There was a man named Solomon Asch who ran a psychological experiment.

Eight people were put into a room together to participate in a group vision test. The experimenter showed the group a card. On the left was a reference line and on the right were three lines labeled 1, 2, or 3. Each individual in the group had to identify out loud which line the reference line matched—line 1, 2, or 3.

The answer was clear—with less than 1% error rate expected.

But here is the catch—all but one of the eight subjects in the room were actors. These actors had previously decided which incorrect line they would pick during each trial.

Only one person was actually being studied here. And he was not being tested on his visual judgement skills, but in if he would conform to a group dynamic.

This study was repeated on many test subjects. Some stayed confident in their choice the whole test. Some conformed the whole test. On average, the test subject went along with the group answer 37% of the time.

Interviews afterwards showed people conformed for different reasons. Some didn’t have confidence in their own judgement. Some wanted to fit in.

But here is the point—even if everyone in the group said something was true, it didn’t make it the truth.

As Dieter F. Uchtdorf said, “The thing about truth is that it exists beyond belief. It is true even if nobody believes it.”

Many times in this life, we will be surrounded by voices giving different opinions than us. Maybe unanimously a different opinion than us.

It doesn’t make it true.

There is a phrase going around—speak your truth.
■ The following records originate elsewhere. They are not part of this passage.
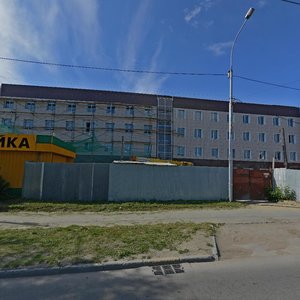 Новосибирск бориса богаткова 99 карта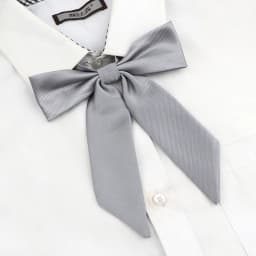 13 Colors Girl Student Bowtie Set Women Lady Ribbon Bow Tie School Party Bowknot Pink Bule Black Classic Butterfly Accessories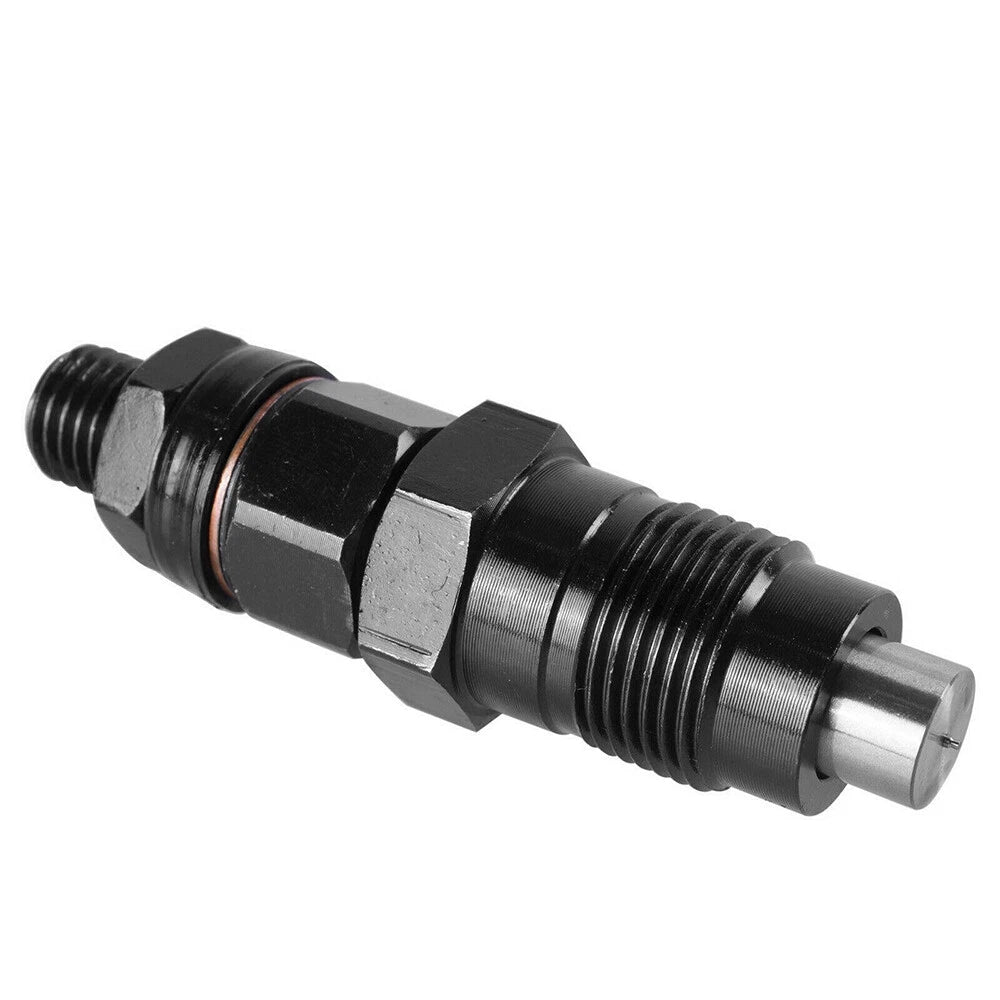 4 x Diesel Fuel Injectors for Mitsubishi Delica Spacegear Pajero 2.8L (1990-2000)
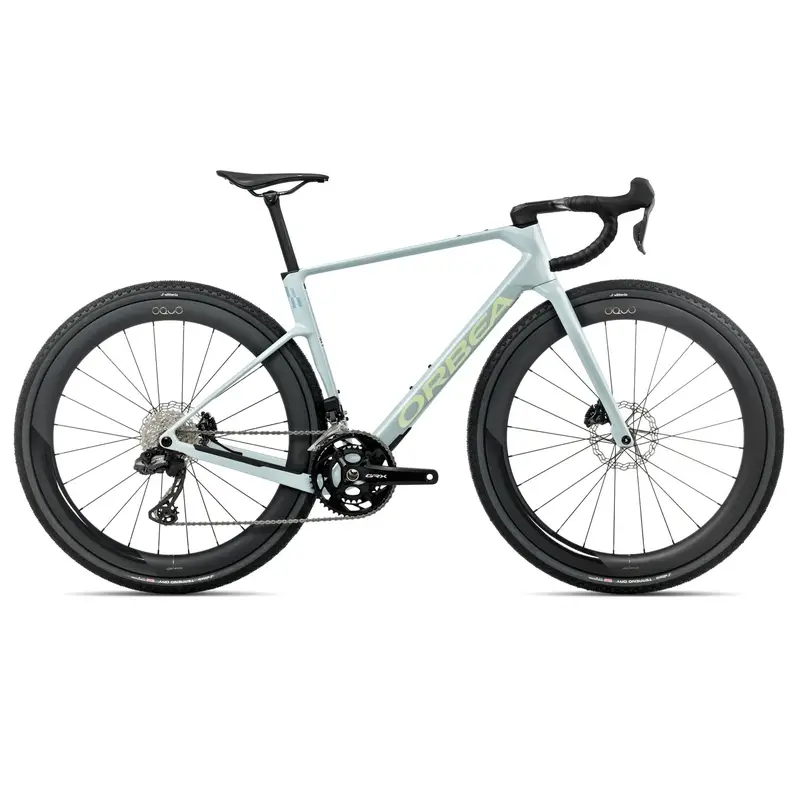 ridewill4124129
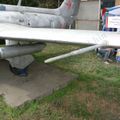 Taganrog_Aviation_Museum_44.jpg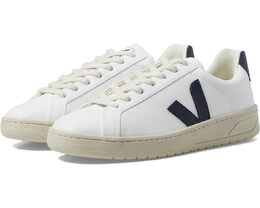 Кроссовки Veja Urca, цвет White/Nautico 9559171 | white/nautico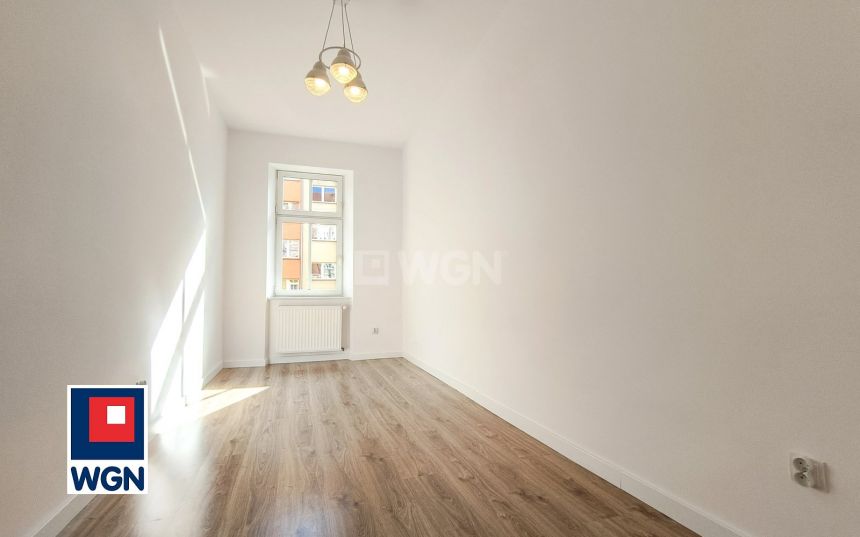 Legnica Tarninów, 490 000 zł, 64 m2, 3 pokojowe miniaturka 5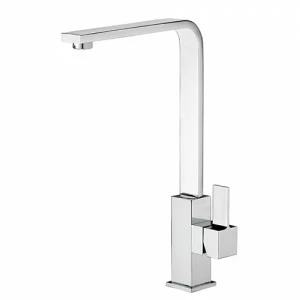 14032LO  EFFEPI RUBINETTERIE H-tre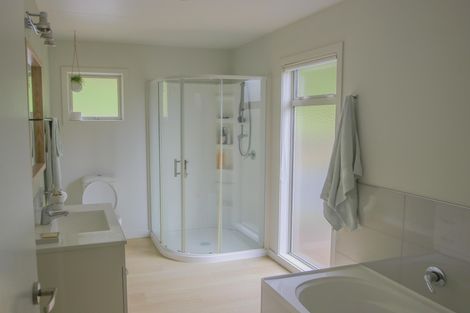 Photo of property in 25 Enid Avenue, Kaitaia, 0410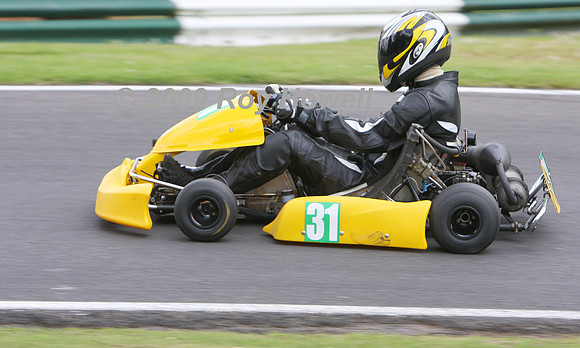 IMG_0833  #31 Adam Underhill 125cc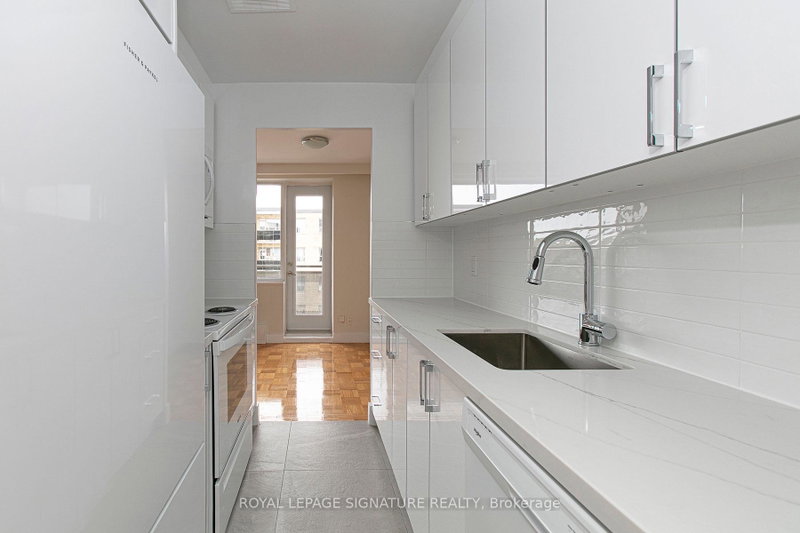 Image of home for listing MLS® C13878878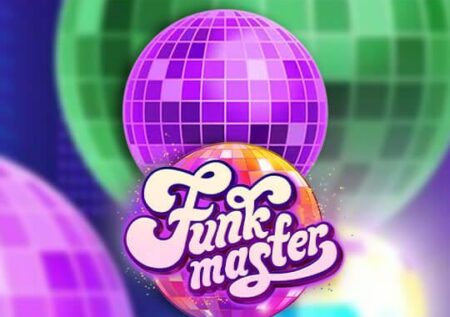 Funk Master
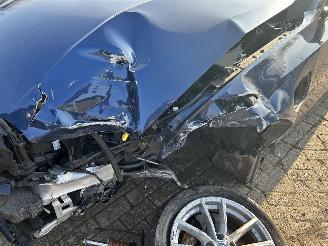 BMW 3-serie 320e  Hybrid Automaat Stationcar picture 3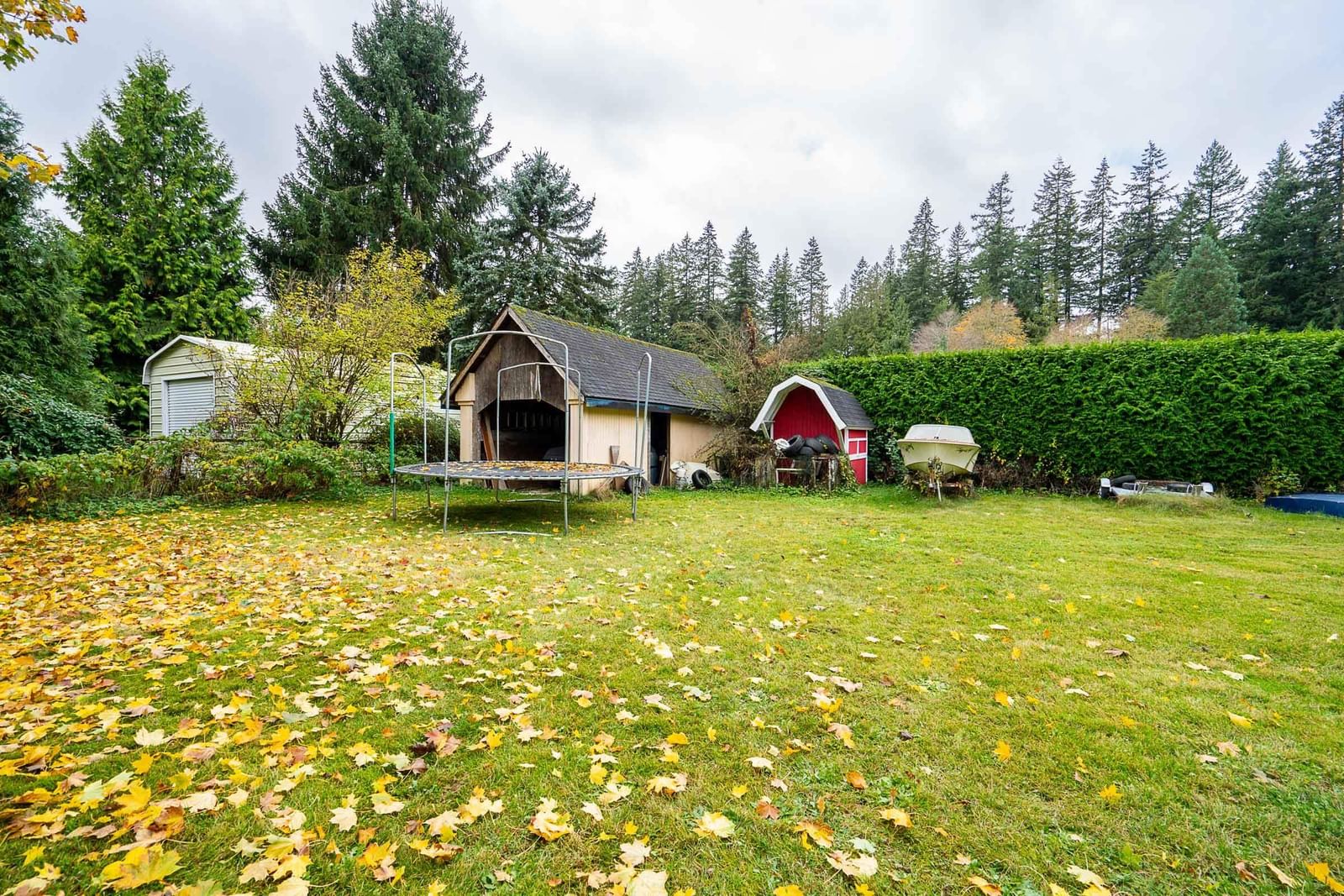 Listing Image 16
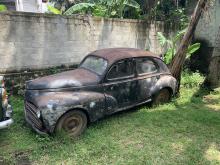 https://riyasewana.com/uploads/peugeot-203-1312031518006.jpg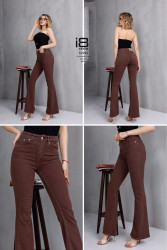 Джинси жіночі оптом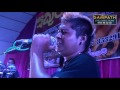 මට ලෑජ්ජවේ බෑ | Mata Lajjawe Ba  | Feedback | live musical show |  Sampath Live Videos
And I think the idea behind this is important—people should be able to share their opinions & perspectives.

But using the word truth like it is subjective is something I am wary of.

Because truth does not belong to you or me. It belongs to God.

And when we go to Him, the source of all truth, we will find it.

Dare to stand—not alone—
but with Christ.

Defending truth while remembering this foundational truth: to love your neighbor as yourself.